Twelve Angry LLMs

LLM-as-a-judge is an emerging AI evaluation method where a large language model (LLM) assesses the quality of other LLM-generated outputs based on predefined criteria, acting like a human judge by identifying strengths and weaknesses. It's a technology with remarkable potential because it can partially replace the current complex and time-consuming methods. However, most LLM judges are unstable.

Twelve Angry LLMs library builds an LLM jury to measure agreement among multiple LLM judges which increases their stability and improves the performance.

Twelve Angry LLMs supports the following tasks:

Text generation (agreement via token overlap)
Classification (single- or multi-label agreement)
Ranking (agreement via rank correlation)

Modular design:

Tasks: Generation, Classification, Ranking
Judge: prompts an LLM and normalizes outputs
Jury: orchestrates judges and computes agreement
LLMClient: plug any provider (OpenAI, HF, local), via a simple generate(prompt, ...) interface

Installation

pip install twelve-angry-llms

Quickstart

Below is a minimal, self-contained example using a tiny mock client.
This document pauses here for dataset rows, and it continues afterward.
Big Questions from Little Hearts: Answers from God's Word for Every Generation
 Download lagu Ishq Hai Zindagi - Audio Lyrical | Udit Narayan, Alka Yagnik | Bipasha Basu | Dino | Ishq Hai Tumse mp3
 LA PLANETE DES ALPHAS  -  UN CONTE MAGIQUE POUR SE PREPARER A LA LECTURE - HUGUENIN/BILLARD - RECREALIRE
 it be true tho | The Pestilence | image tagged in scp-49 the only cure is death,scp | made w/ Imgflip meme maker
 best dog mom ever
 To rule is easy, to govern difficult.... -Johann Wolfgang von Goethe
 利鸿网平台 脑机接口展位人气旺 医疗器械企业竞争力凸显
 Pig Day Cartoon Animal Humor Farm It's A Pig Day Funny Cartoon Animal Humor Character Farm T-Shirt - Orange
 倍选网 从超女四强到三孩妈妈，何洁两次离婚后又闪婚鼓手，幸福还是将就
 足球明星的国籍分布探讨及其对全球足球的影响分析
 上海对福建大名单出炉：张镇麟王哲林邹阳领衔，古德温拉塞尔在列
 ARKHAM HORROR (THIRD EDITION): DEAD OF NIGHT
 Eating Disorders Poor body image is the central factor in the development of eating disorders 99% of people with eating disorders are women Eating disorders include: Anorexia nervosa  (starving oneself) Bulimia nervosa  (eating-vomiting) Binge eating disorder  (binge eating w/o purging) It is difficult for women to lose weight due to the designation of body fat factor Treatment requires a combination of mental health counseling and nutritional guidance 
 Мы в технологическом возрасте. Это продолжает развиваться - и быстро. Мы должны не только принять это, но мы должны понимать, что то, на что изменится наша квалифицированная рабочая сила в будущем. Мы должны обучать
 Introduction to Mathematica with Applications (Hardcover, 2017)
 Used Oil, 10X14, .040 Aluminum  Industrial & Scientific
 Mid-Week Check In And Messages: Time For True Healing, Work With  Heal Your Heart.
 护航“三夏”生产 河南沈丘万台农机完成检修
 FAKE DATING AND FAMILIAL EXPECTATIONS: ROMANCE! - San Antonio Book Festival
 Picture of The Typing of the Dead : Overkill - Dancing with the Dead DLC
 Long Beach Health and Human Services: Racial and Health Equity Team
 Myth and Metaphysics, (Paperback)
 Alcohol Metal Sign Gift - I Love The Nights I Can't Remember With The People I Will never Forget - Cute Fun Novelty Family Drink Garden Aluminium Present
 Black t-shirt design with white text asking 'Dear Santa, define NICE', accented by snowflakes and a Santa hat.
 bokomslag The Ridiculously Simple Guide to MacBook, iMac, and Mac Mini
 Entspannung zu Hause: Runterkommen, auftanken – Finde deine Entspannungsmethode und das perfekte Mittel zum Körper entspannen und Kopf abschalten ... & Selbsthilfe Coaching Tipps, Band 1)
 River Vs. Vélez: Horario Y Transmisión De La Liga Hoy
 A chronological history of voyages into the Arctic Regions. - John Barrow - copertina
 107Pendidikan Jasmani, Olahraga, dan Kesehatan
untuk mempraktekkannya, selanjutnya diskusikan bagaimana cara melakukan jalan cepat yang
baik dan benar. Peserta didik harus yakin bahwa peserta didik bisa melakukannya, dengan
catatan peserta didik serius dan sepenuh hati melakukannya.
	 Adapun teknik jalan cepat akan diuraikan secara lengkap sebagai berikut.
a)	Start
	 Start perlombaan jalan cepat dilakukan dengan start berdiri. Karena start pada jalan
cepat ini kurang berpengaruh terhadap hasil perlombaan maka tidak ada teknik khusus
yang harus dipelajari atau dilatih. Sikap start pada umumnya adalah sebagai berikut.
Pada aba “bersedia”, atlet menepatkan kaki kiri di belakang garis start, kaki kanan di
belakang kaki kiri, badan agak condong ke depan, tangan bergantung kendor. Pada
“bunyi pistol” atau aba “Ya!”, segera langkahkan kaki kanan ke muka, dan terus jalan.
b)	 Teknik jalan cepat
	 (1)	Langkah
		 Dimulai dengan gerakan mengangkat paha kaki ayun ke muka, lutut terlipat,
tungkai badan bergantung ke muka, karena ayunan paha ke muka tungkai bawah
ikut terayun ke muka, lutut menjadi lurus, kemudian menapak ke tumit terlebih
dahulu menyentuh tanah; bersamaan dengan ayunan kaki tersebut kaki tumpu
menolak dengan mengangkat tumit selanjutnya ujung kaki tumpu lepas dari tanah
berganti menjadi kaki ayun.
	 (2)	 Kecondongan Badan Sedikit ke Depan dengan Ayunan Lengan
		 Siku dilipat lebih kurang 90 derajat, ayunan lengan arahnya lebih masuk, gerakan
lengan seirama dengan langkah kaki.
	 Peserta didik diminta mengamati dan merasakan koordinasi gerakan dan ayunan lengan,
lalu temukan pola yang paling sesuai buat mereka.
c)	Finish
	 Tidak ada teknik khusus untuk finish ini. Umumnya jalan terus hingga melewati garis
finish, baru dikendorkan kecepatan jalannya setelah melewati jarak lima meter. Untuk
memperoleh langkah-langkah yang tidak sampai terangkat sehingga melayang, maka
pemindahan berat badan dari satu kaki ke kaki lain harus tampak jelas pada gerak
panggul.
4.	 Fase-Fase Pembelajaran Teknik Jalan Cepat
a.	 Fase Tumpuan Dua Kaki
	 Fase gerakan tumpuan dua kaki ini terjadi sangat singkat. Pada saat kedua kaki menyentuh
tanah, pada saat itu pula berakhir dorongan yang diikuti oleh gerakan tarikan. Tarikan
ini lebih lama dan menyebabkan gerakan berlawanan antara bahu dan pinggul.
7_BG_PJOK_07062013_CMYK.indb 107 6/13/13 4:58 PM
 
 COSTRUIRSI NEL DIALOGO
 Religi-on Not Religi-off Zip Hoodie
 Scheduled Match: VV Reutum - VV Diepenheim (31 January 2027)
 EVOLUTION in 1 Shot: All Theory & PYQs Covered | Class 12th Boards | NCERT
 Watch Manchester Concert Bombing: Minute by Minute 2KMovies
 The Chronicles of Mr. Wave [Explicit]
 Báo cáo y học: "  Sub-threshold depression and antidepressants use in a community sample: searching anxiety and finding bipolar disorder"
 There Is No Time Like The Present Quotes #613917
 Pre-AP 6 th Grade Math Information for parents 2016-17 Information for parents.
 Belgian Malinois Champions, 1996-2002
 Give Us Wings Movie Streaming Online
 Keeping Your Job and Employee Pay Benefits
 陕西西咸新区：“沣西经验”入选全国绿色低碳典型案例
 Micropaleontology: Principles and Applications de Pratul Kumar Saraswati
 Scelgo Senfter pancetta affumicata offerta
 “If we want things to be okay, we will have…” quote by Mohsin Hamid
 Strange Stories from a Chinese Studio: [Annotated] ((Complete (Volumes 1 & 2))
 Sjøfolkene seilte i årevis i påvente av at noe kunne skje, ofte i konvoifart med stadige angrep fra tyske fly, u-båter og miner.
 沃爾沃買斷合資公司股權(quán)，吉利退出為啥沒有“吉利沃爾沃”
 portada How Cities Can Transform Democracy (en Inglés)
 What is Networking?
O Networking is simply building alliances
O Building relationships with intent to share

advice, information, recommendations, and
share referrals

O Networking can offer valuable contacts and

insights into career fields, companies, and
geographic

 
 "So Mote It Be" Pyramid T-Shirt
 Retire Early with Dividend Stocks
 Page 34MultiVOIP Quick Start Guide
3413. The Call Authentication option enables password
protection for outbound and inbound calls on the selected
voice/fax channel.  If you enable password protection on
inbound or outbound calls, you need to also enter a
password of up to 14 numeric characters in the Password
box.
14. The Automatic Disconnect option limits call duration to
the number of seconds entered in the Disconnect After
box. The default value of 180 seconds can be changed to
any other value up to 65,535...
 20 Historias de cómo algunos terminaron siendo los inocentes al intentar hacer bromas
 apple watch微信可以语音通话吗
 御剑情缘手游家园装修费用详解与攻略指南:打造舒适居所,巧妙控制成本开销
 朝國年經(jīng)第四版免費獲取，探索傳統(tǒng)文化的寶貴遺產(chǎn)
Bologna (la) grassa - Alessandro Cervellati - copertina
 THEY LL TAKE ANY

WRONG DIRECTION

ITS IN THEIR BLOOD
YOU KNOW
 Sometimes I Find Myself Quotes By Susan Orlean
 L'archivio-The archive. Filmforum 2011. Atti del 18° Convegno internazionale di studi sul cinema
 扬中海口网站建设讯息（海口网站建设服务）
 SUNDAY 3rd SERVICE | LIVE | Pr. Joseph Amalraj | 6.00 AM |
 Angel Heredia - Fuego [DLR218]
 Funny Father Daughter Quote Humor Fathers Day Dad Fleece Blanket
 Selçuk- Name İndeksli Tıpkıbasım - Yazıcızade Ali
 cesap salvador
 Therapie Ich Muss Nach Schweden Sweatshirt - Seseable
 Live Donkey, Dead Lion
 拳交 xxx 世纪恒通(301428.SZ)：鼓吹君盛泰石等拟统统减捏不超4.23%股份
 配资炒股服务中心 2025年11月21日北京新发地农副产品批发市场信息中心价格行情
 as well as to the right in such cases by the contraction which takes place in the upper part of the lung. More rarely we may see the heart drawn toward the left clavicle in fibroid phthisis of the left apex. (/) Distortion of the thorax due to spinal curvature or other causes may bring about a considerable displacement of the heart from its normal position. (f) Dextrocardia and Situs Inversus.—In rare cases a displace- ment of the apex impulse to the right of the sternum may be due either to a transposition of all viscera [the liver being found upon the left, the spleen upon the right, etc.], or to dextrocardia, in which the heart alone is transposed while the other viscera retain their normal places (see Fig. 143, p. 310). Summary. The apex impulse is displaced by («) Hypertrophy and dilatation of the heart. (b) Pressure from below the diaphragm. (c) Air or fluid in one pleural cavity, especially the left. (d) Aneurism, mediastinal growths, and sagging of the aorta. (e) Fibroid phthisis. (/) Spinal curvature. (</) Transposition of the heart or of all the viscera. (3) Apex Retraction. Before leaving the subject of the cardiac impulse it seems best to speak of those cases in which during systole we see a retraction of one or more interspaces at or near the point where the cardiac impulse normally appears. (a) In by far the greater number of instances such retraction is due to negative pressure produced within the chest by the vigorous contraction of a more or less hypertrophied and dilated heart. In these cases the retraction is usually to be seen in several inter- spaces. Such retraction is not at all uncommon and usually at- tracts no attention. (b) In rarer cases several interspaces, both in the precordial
Replace the mock with your provider by implementing LLMClient.

from twelve_angry_llms.tasks import GenerationTask, ClassificationTask, RankingTask
from twelve_angry_llms.judge import Judge
from twelve_angry_llms.jury import Jury
from twelve_angry_llms.clients.base import LLMClient

# Mock clients returning deterministic outputs for demonstration
class FixedClient:
    def __init__(self, text): self.text = text
    def generate(self, prompt: str, **kwargs) -> str: return self.text

# 1) Generation agreement (token Jaccard over pairwise outputs)
gen_task = GenerationTask(input_text="Summarize: LLMs are used for many NLP tasks.")
judges_gen = [
    Judge("gpt-A", FixedClient("LLMs are widely used in NLP tasks.")),
    Judge("gpt-B", FixedClient("Large language models power many NLP applications.")),
    Judge("gpt-C", FixedClient("LLMs are used for various NLP tasks.")),
]
jury = Jury(judges_gen)
gen_result = jury.evaluate(gen_task)
print("Generation agreement:", gen_result.agreement)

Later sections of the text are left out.